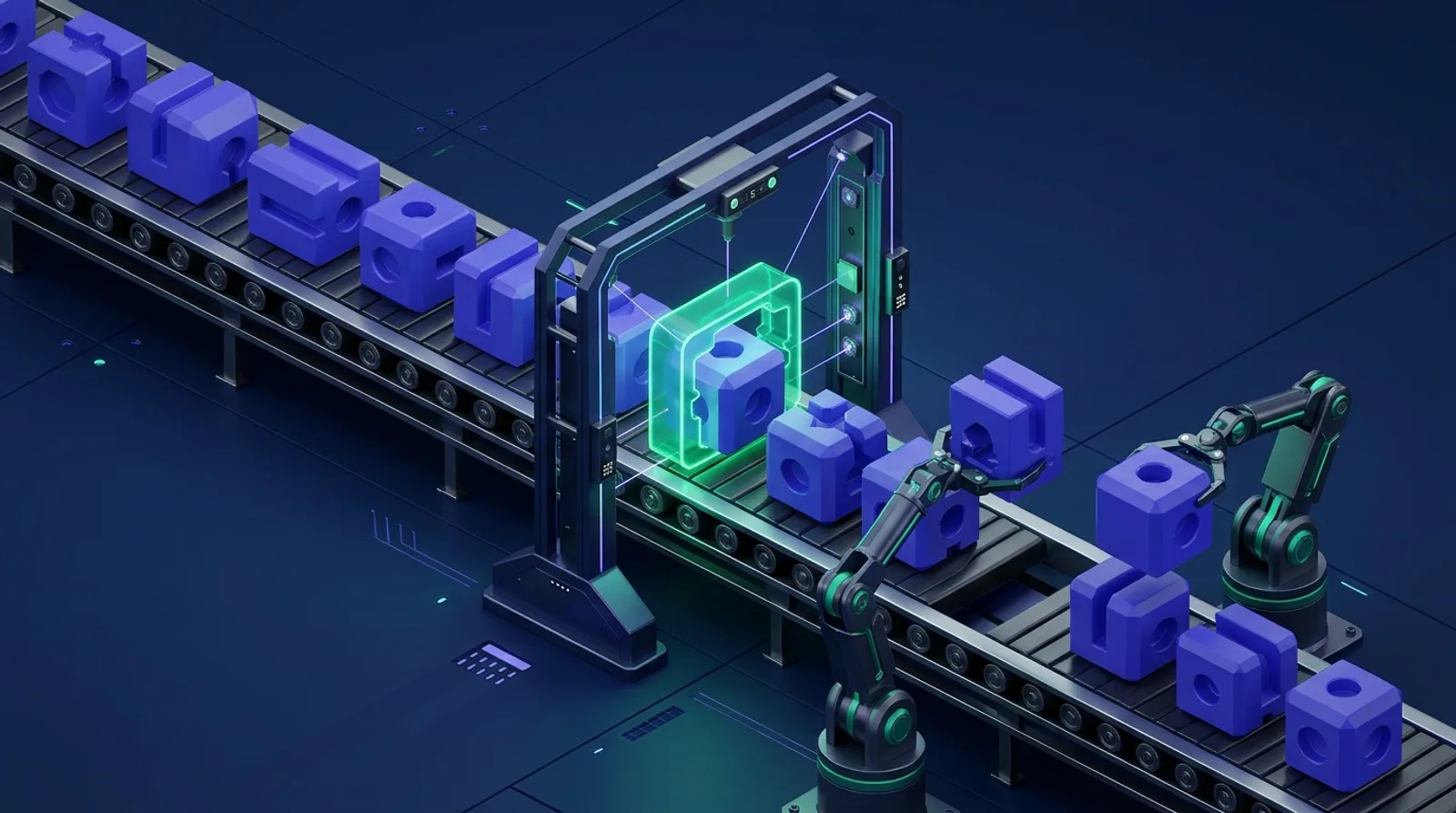 Isometric illustration of blocks passing through a matching mold gate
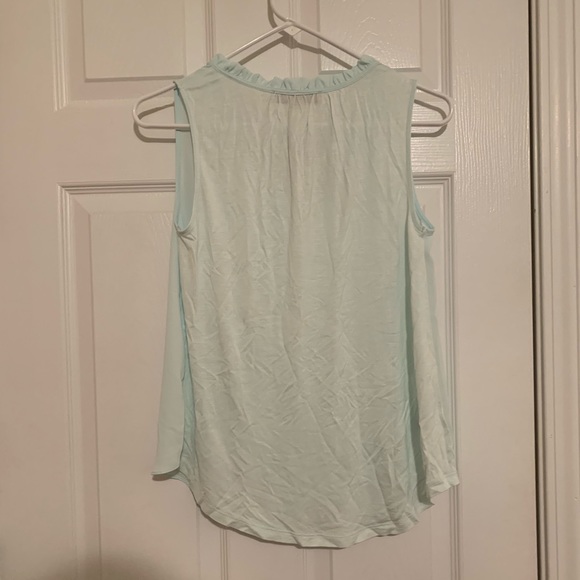 NWT Floral Ruffle Tie Neck Mixed Media Blouse - Picture 2 of 4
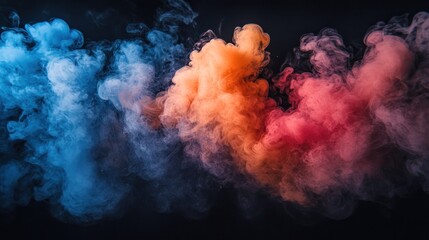 Abstract Colorful Smoke Art: A Vivid Display of Blue, Orange, and Red Hues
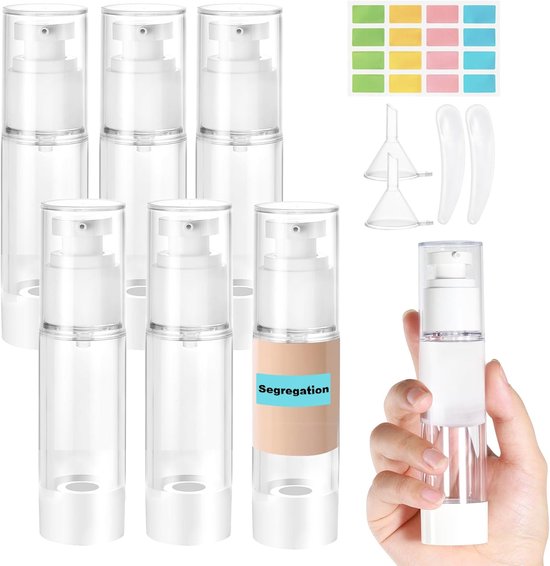 Thijox - 6 Stuks 50ml Airless Pompdispenser Lege Pompfles, Navulbare Vacuümlotionpompflessen met Spatel, Trechter en Stickers voor Lotions, Shampoos e
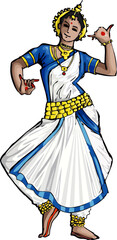 Beautiful Indian Classical Dancer Character Vector Illustration, doodle style cartoon illustration of dancing girl in traditional Indian dance costume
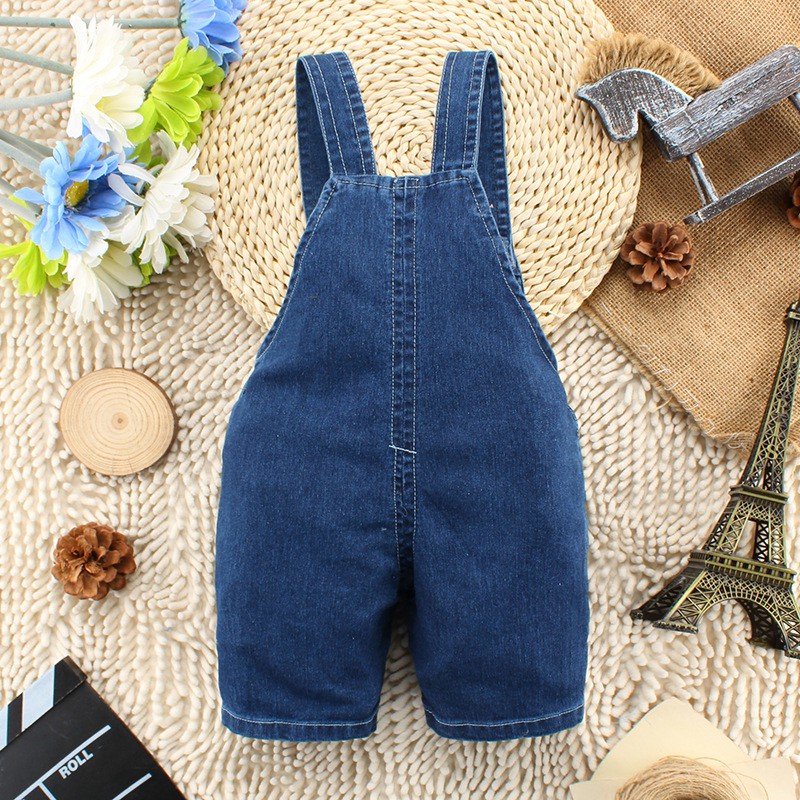 Áo liền quần vải denim thời trang phong cách đi biển cho bé 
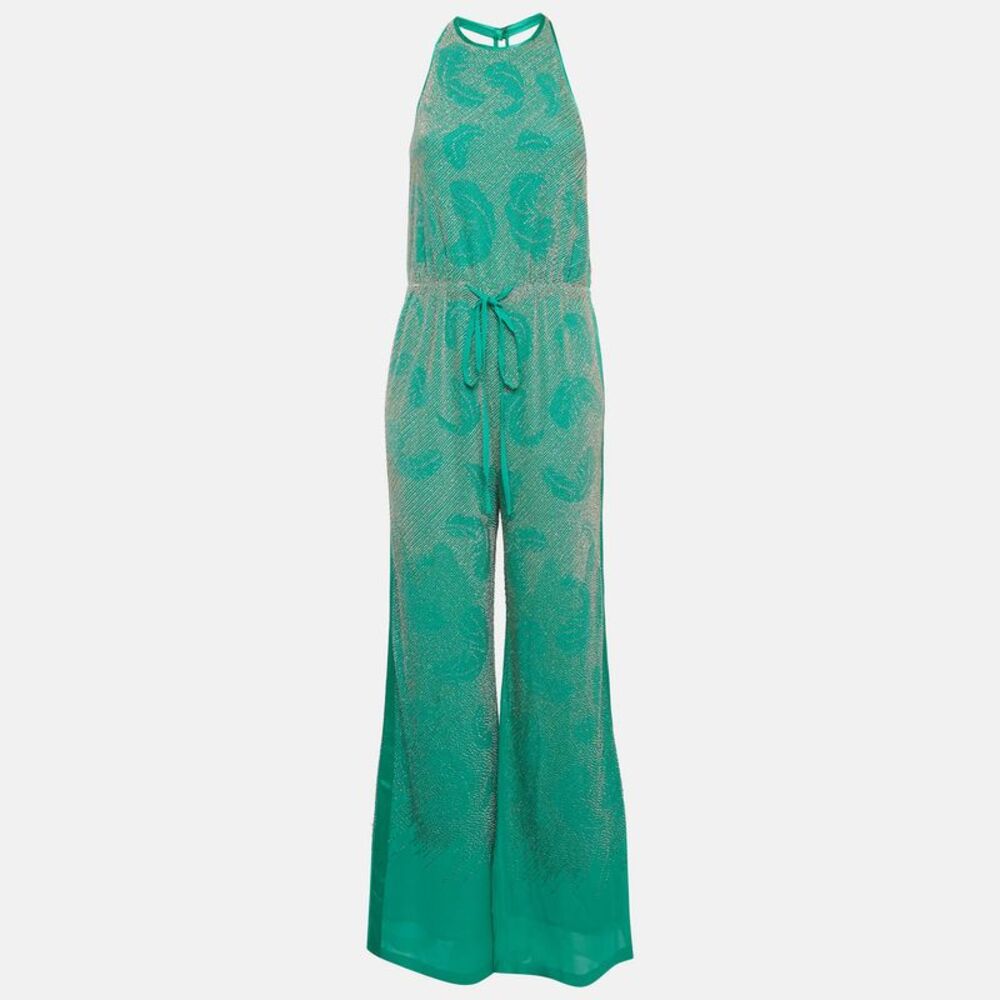 Roberto Cavalli Green Chiffon Embellished Halter Jumpsuit S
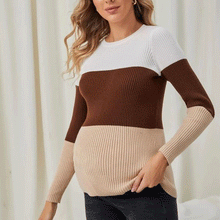 Load image into Gallery viewer, Fashion Slim Contrast Maternity Top
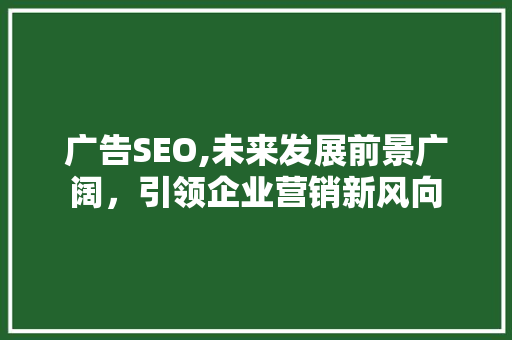 广告SEO,未来发展前景广阔，引领企业营销新风向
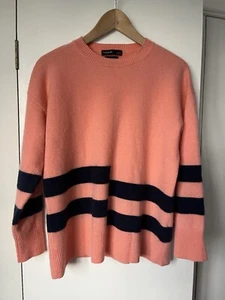 M&S Autograph 100% Pure cashmere jumper - coral Mix /navy stripe - size Medium M - Picture 1 of 19
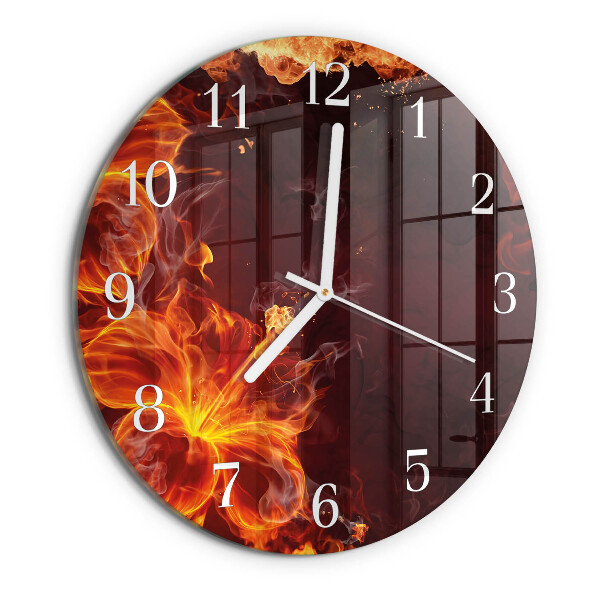 Reloj de pared redondo Flores de fuego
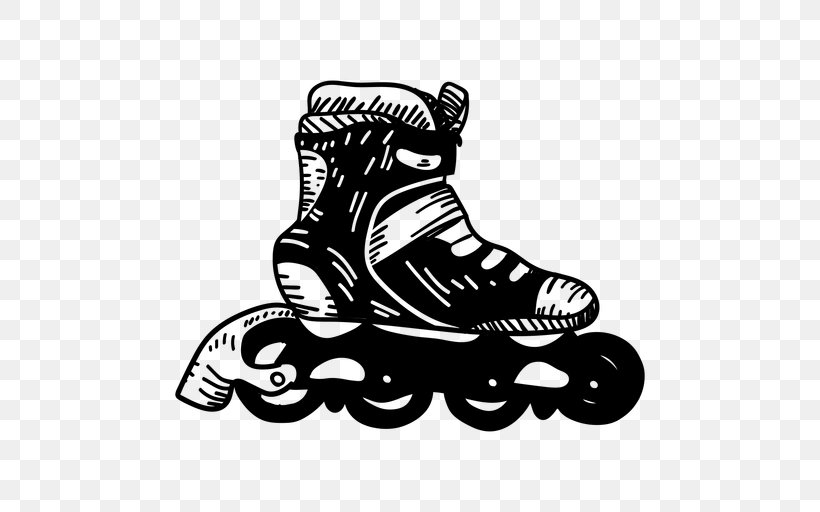 In-Line Skates Roller Skates Patín Logo Drawing, PNG, 512x512px, Inline Skates, Art, Black, Black And White, Drawing Download Free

» ACTION ITEM: Pictures excluded, copy the lines exactly from where the material starts to the line with "Reloj de pared redondo Flores de fuego", inclusive.

» RESPONSE TO THE TASK:
 Isometric illustration of blocks passing through a matching mold gate
 NWT Floral Ruffle Tie Neck Mixed Media Blouse - Picture 2 of 4
 Abstract Colorful Smoke Art: A Vivid Display of Blue, Orange, and Red Hues
 Thijox - 6 Stuks 50ml Airless Pompdispenser Lege Pompfles, Navulbare Vacuümlotionpompflessen met Spatel, Trechter en Stickers voor Lotions, Shampoos e
 Beautiful Indian Classical Dancer Character Vector Illustration, doodle style cartoon illustration of dancing girl in traditional Indian dance costume
 Áo liền quần vải denim thời trang phong cách đi biển cho bé 
 Roberto Cavalli Green Chiffon Embellished Halter Jumpsuit S
 Load image into Gallery viewer, Fashion Slim Contrast Maternity Top
 广告SEO,未来发展前景广阔，引领企业营销新风向
 M&S Autograph 100% Pure cashmere jumper - coral Mix /navy stripe - size Medium M - Picture 1 of 19
 Reloj de pared redondo Flores de fuego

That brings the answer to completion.